I did the crossword puzzles in both the Now and the Metro for a couple weeks and I agree with Lagasse. The human generated puzzles are less repetitive, more interesting, and ultimately more satisfying. The computer generated puzzles almost never use word play and have no thematic connections between answers or clues. Of course, I did both Metro and Now puzzles in the past and I always preferred the Now puzzles and found them more fun. But I would have been hard-pressed to justify my feelings. It was not until Seth pointed out the repeated clues, an error, that I was able to understand why I felt the way I did.

Only Yesterday

I only recently stumbled across this old revealing error in the wonderful Doh, The Humanity! weblog:

It may seem like only yesterday (Wednesday, 26 July) when...

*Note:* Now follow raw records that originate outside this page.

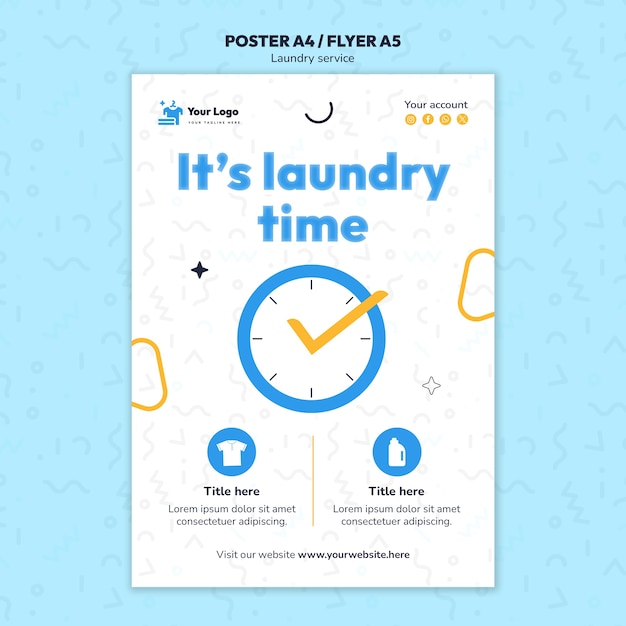 Free PSD laundry service template design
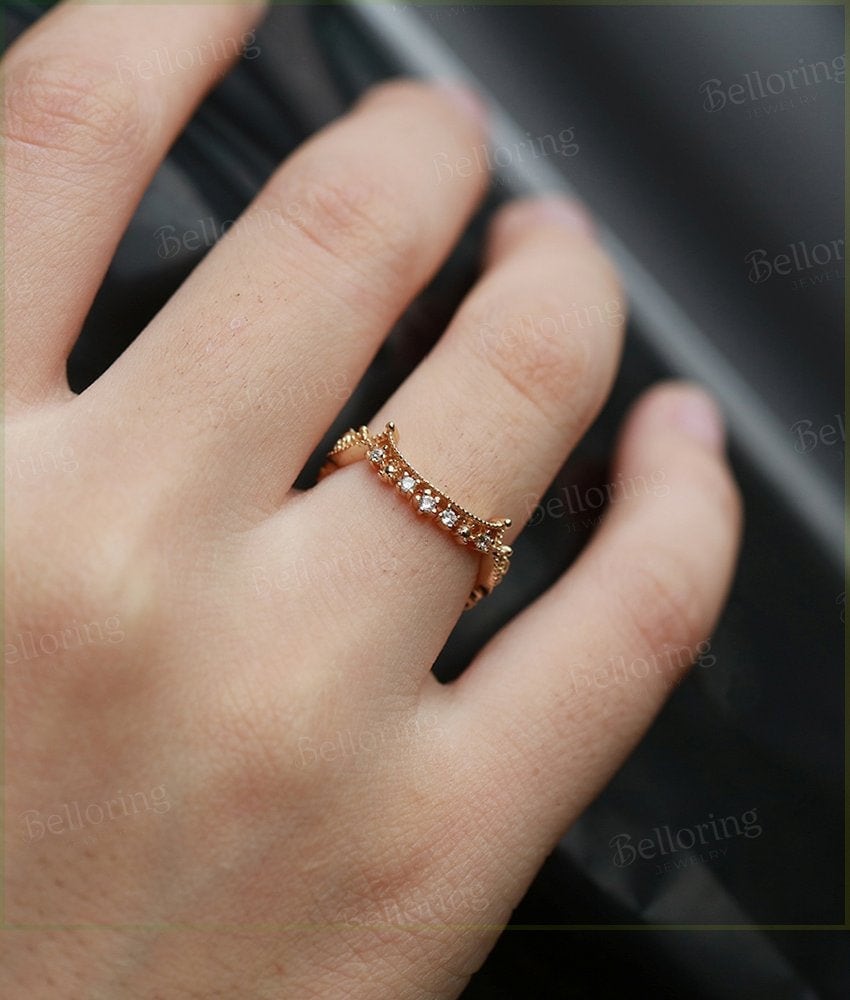 Curved wedding band  rose gold ring round cut Vintage Bridal Set Jewelry Antique Solid Arc Matching Promise Anniversary Gift for her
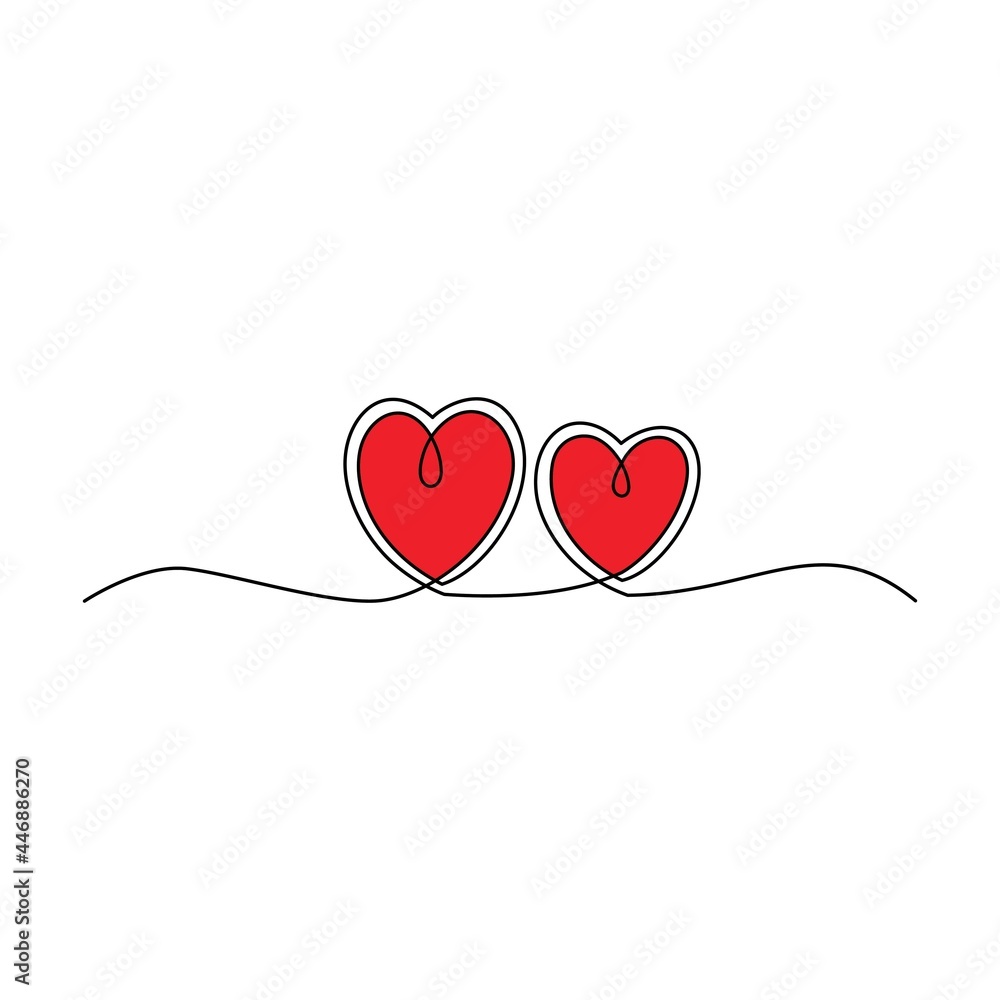 Continuous one line drawing of heart.Illustration for Valentine's Day
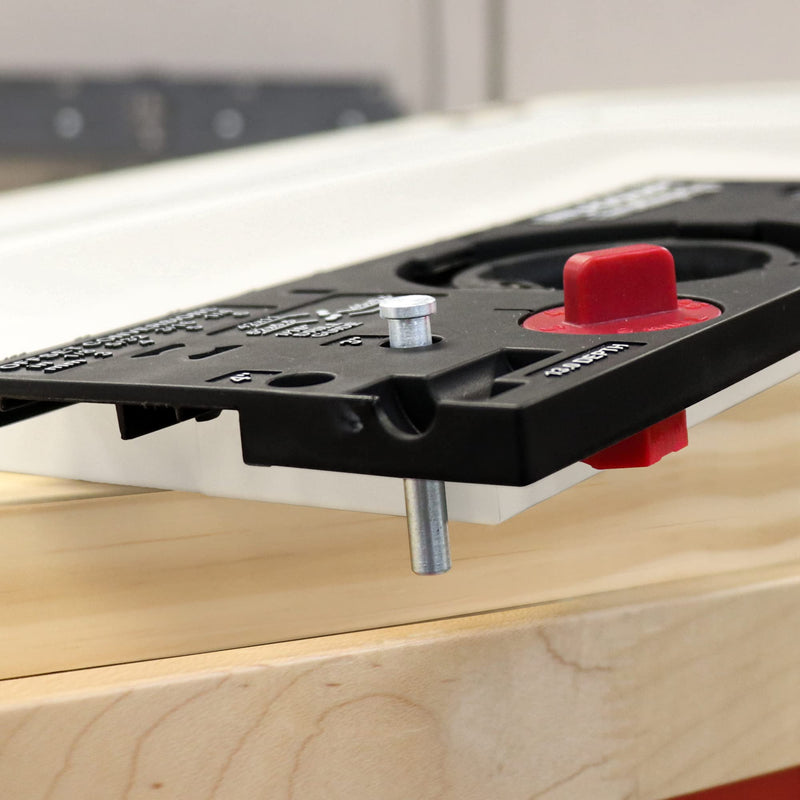 Milescraft 1342 Euro Hinge Jig• Concealed Hinge Jig for Framed & Frameless Cabinets• Automatically Aligns to 6 Common Hinge Settings• Metal Drill Guide Produces Perfect Hinge Holes– 35mm Bit Included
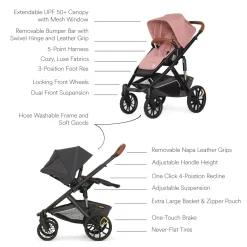 Veer Switch&Roll Luxe Single-to-Double Stroller Bundle with Leather Kit - Rose Quartz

In the days of newspapers and broadcast media, it was only likely for someone to read a news article on the day it was published. If the publication were weekly or monthly, it would be reasonable to expect readers got to it within the week or month. While libraries and others might keep archived versions, it was always clear to readers of archived material that their material — and any relative dates mentioned therein — were out of date.

Even today, news is still written primarily be consumed immediately and the vast majority of readers of an article will read it while it is fresh. But, websites have made archived material live on for months and years. While this is generally a good thing, it creates all sorts of problems for people who use relative dates in articles. The point of reference — today — becomes unstable. As a result, if an entertainment reporter describes a show as happening, “next Tuesday,” it might appear to refer to any number of incorrect Tuesdays depending on when someone has stumbled across the archived version.

News companies have responded by converting relative dates into absolute ones. No doubt, this was often done by editors but today is also done by computer programs. These programs parse each news story looking for relative dates. When they find one, they compute the corresponding absolute date from the relative one, and add it into the text of the article in a parenthetical aside.

Most people, including myself, never knew or even imagined that articles were being parsed like this until the system screwed up as it did in the screenshot above. No human editor would have thought to provide an absolute date for “yesterday” in the phrase, “it may seem like only yesterday.” With this misstep, the script at work is revealed. With the mistakes, the program’s previous work — hopefully more accurate and less noticeable in old articles — becomes visible as well. Since seeing this image, I’ve noticed these date absolutefiers at work everywhere.

Technology-Assisted Deception

This error was revealed and written up by Aaron Swartz.

When I told a friend about this project, she (let’s call her Alice) told me a story.

Alice lives a major city with fairly good cell coverage, except for a long tunnel that goes underground. Alice often gets calls from her mom. Alice likes her mom, of course, no problems there, but, as we all do, finds long phone calls with her a bit trying. So often when she’s on the phone with her mom, Alice will say “Oops, sorry mom, got to go into the tunnel now!” Even when she’s not going into the tunnel.

This is a lie that new technology makes possible. But it only makes it possible because there are known failures in the technology. If we only had old landline phones, you’d never be able to claim such a thing — landline phones don’t randomly stop working. And if we had perfect cell coverage, it similarly wouldn’t make sense. But since the technology only half-works, the unfinished space can be used for very human forms of deception.